Además, se regula con precisión excesiva la competencia y el procedimiento para la aplicación de la ley de amnistía. Debería bastar con decir que la amnistía será de aplicación inmediata como primer acto procesal de obligatoria emisión a la entrada en vigor de la ley por parte de cualquier tribunal que se halle conociendo del asunto. Tanta precisión sólo va a favorecer trabas procedimentales, demoras burocráticas y otras oscuridades que son contraproducentes para sus objetivos finales.
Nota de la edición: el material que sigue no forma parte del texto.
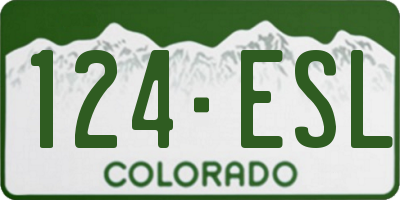 CO license plate 124ESL
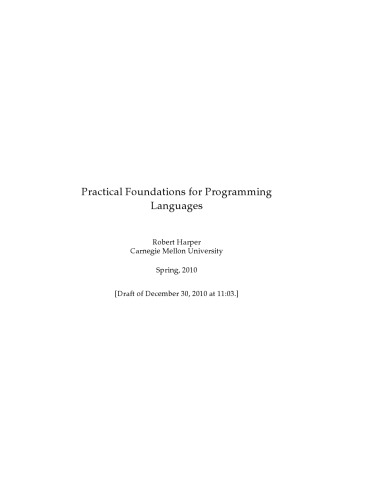 Practical Foundations For Programming Languages Harper R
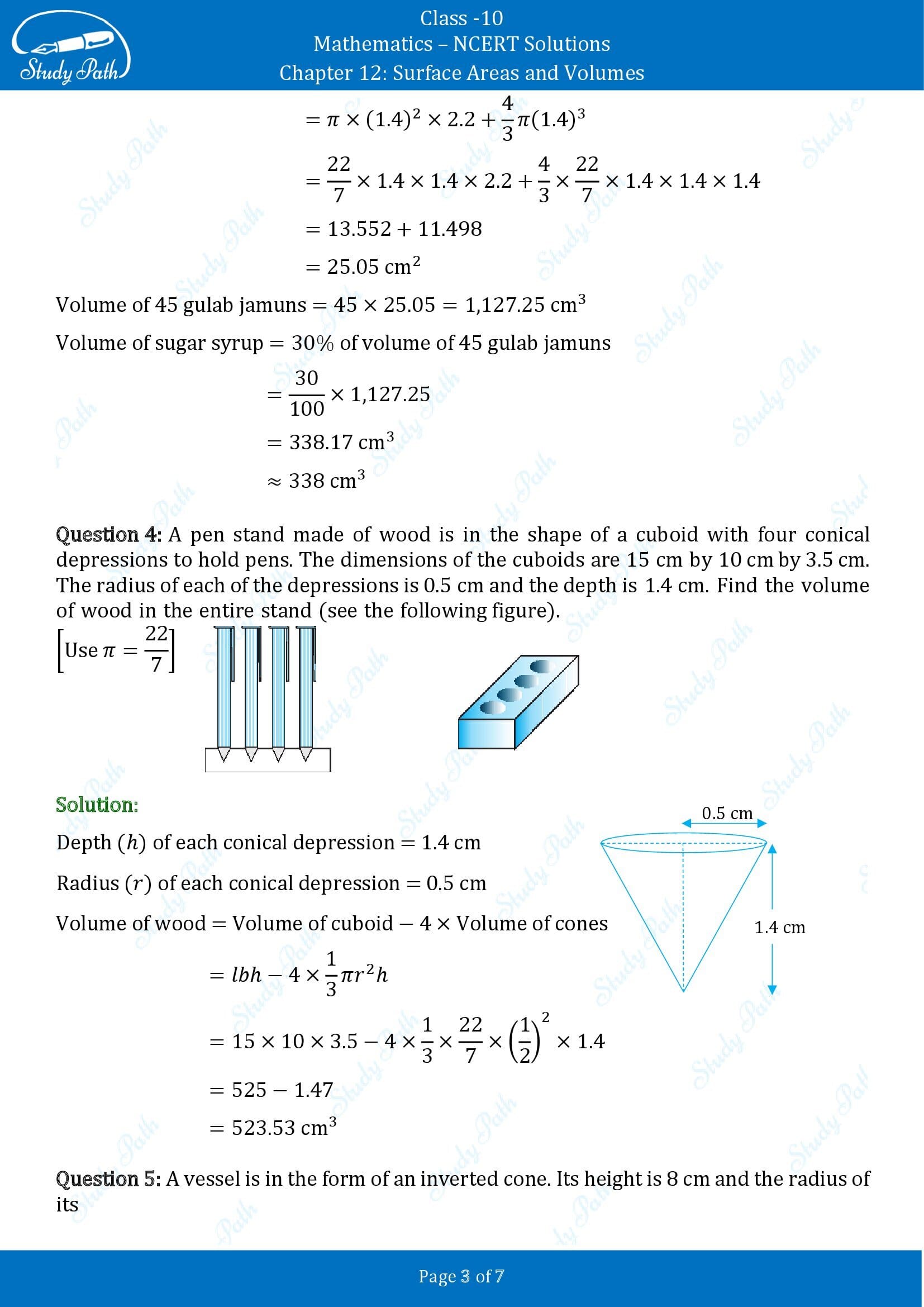 NCERT Solutions for Class 10 Maths Chapter 12 Surface Areas and Volumes Exercise 12.2 00003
Pero donde la ley anda más coja es en aquello que ha provocado la indignación de un número no despreciable de ciudadanos, que también deben ser escuchados. Un fundamento plenamente incuestionable de una amnistía es la restauración de la concordia en un país, que sin duda se alteró de manera muy relevante con los hechos de 2017. Las heridas todavía están a flor de piel para muchos de cualquiera de los dos bandos ideológicos concernidos, aunque también ha aumentado de manera relevante –no hay que olvidarlo– el número de indiferentes y lógicamente hastiados. Pues bien, en la exposición de motivos hay que explicar muy bien ese punto, mucho más de lo que se hace, buscando la restauración y la persecución de esa concordia. Este preámbulo de la ley se ha redactado más bien a la defensiva, previendo impugnaciones de inconstitucionalidad y con mentalidad más de abogado del Estado o fiscal que de legislador. Y se ha dejado de invertir un esfuerzo que debería haber sido decisivo para explicar ese acercamiento conciliador de los sectores de la sociedad aún enfrentados. Ese es el auténtico fundamento de la ley, y no se debería pasar por alto en el procedimiento legislativo. Sucedieron muchas cosas en 2017 y demasiadas no debieron haber sucedido jamás. Reconocer errores, aunque sea incluso a vuelapluma, es algo que muchos ciudadanos necesitan, aunque parezca que no.

Si no se hace ese esfuerzo argumentativo, quedará para la historia que el texto de la ley sólo ha servido para ponerse de acuerdo en torno a una investidura, lo que es sumamente empobrecedor, no sólo para la historia, sino incluso para el fundamento constitucional de la propia ley, que la acercaría así a evitables acusaciones de arbitrariedad. Sería positivo que tantos esfuerzos, que pueden ser muy positivos para toda nuestra sociedad, no aparezcan en la historia con esa tacha de urgencias políticas.